» Task details
Reproduce the data below in full and exclude every picture.

» Material for this task
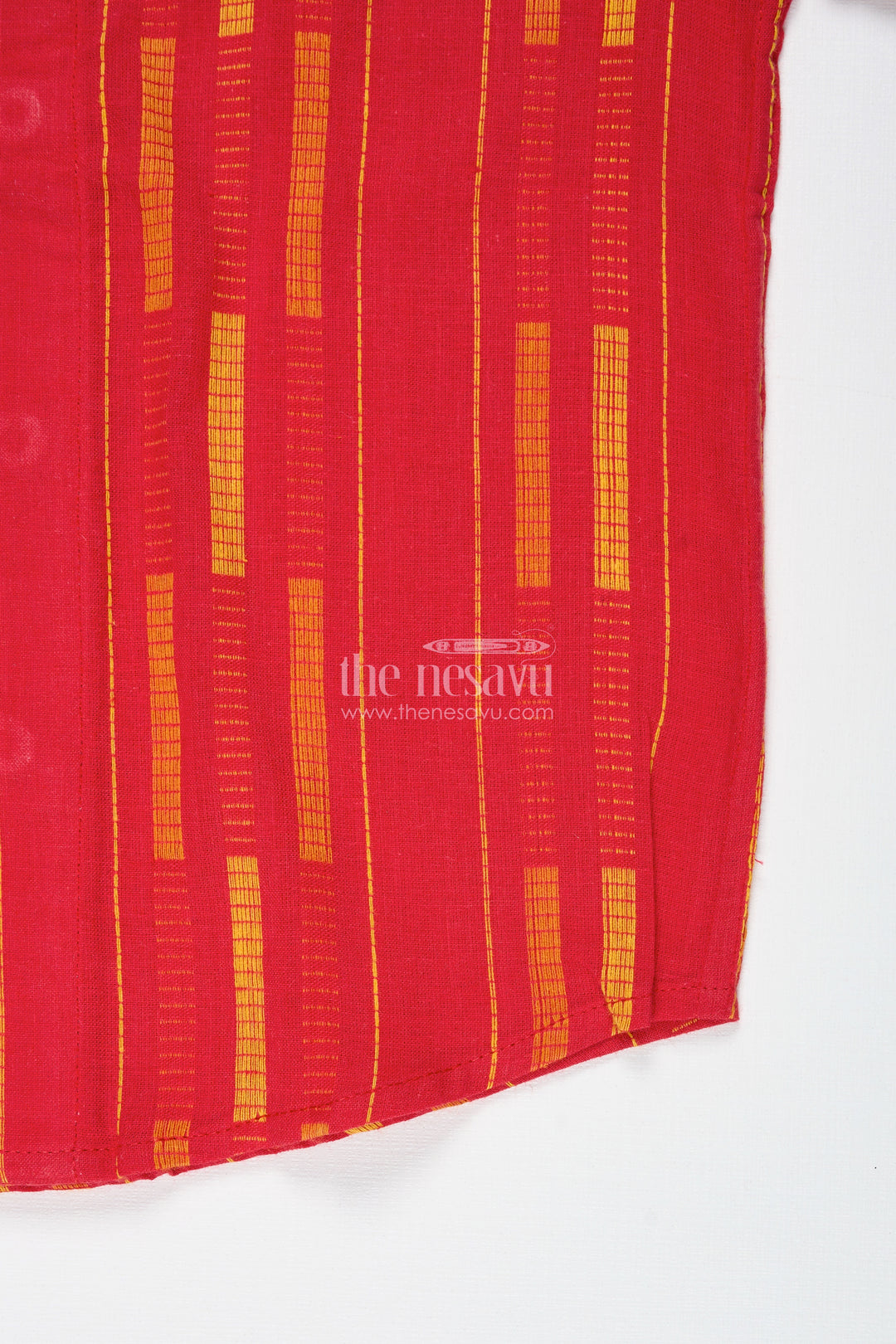 Red Cotton Dobby Boys Shirt For Festive Wear And Family Functions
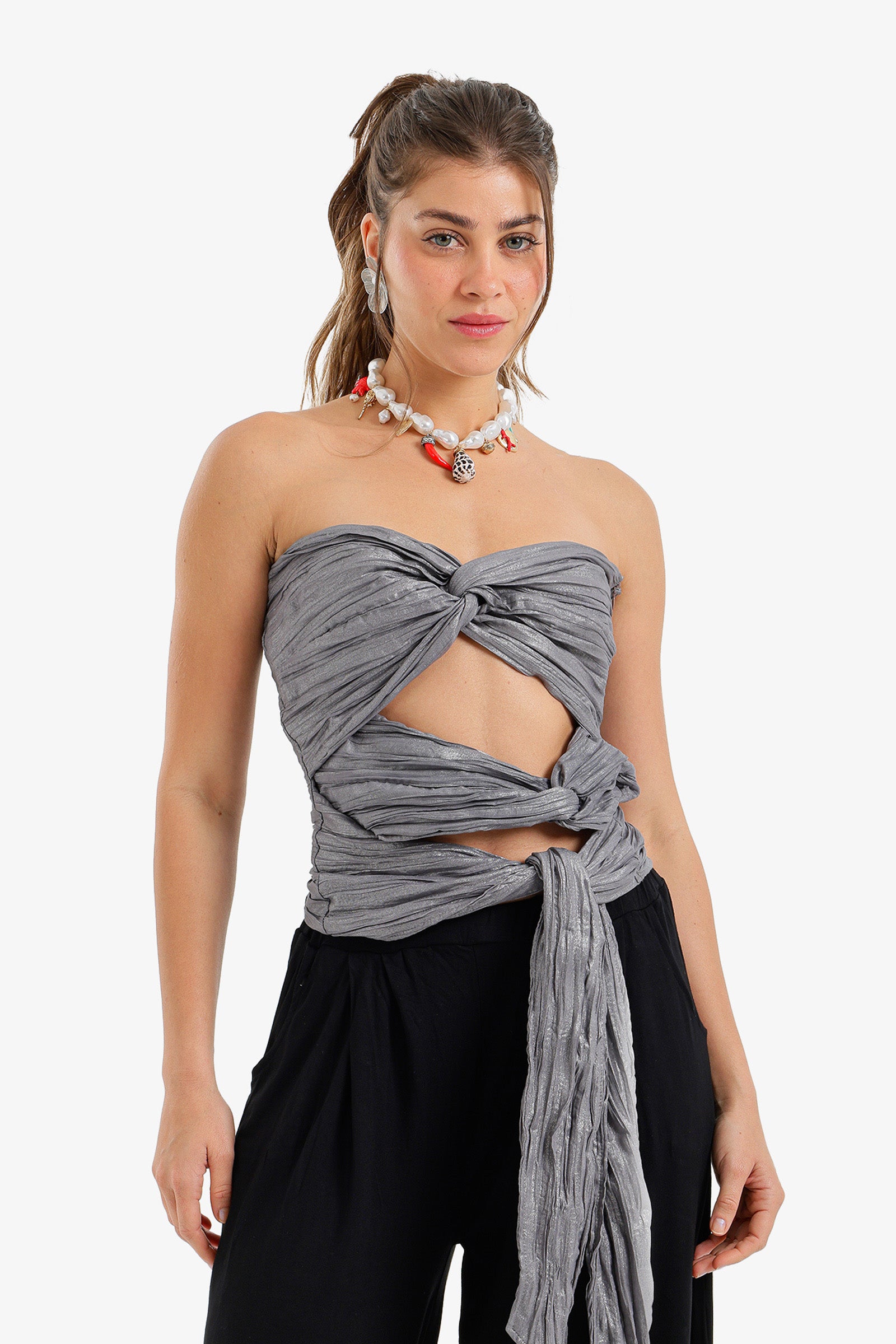 Crinkle Twisted Crop Top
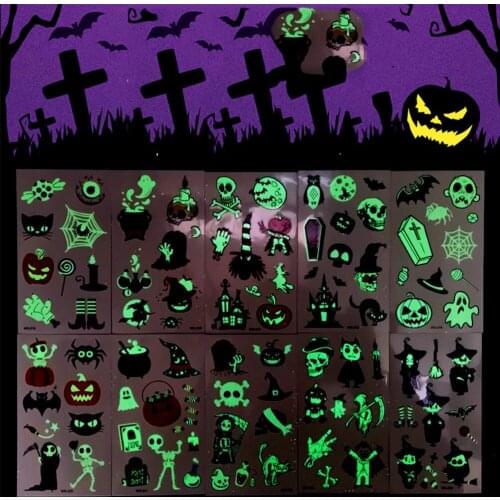 Halloween Tattoo Stickers for Kids Temporary Luminous Tattoo Stickers Waterproof Glow in the Dark Halloween Tattoo Stickers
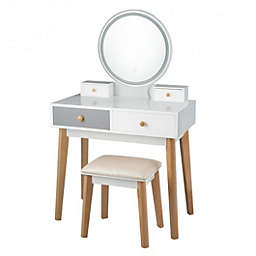 Costway Makeup Dressing Table with 4 Drawers and Lighted Mirror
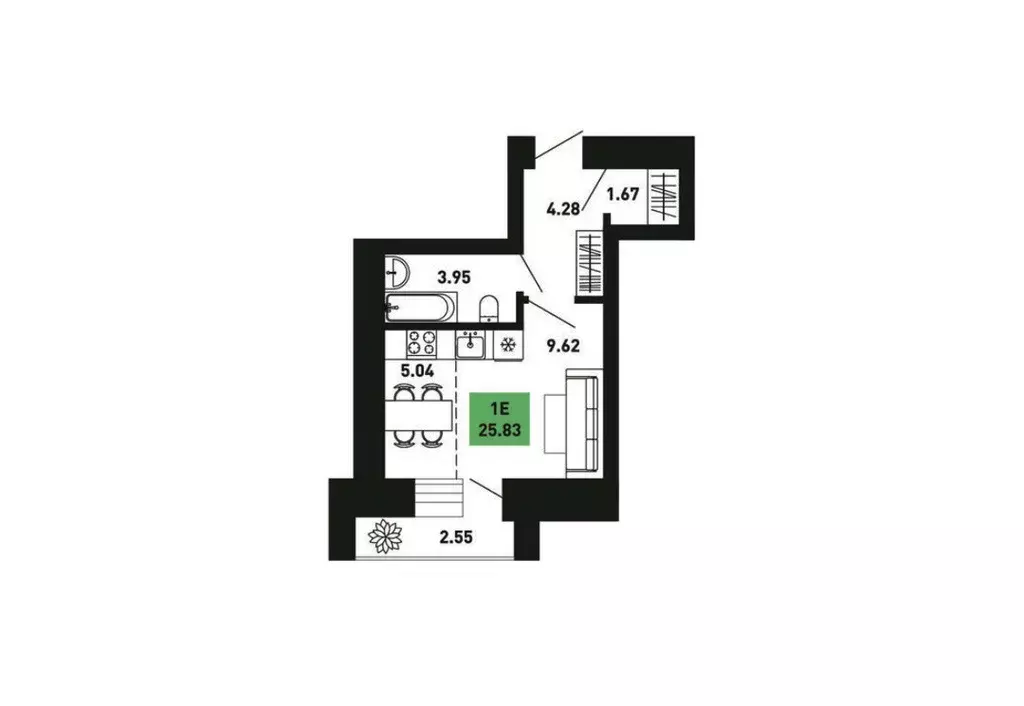 Продаётся квартира-студия, 25.83 м - Фото 0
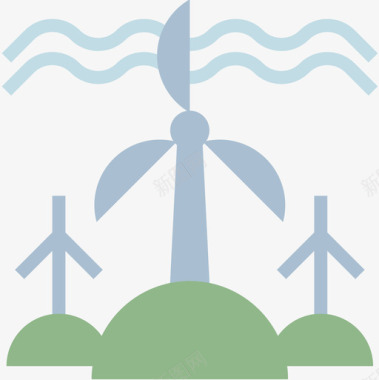 风力发电生态130平坦图标图标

» Reply to the exercise
 Red Cotton Dobby Boys Shirt For Festive Wear And Family Functions
 Crinkle Twisted Crop Top
 Halloween Tattoo Stickers for Kids Temporary Luminous Tattoo Stickers Waterproof Glow in the Dark Halloween Tattoo Stickers
 Costway Makeup Dressing Table with 4 Drawers and Lighted Mirror
 Продаётся квартира-студия, 25.83 м - Фото 0
 风力发电生态130平坦图标图标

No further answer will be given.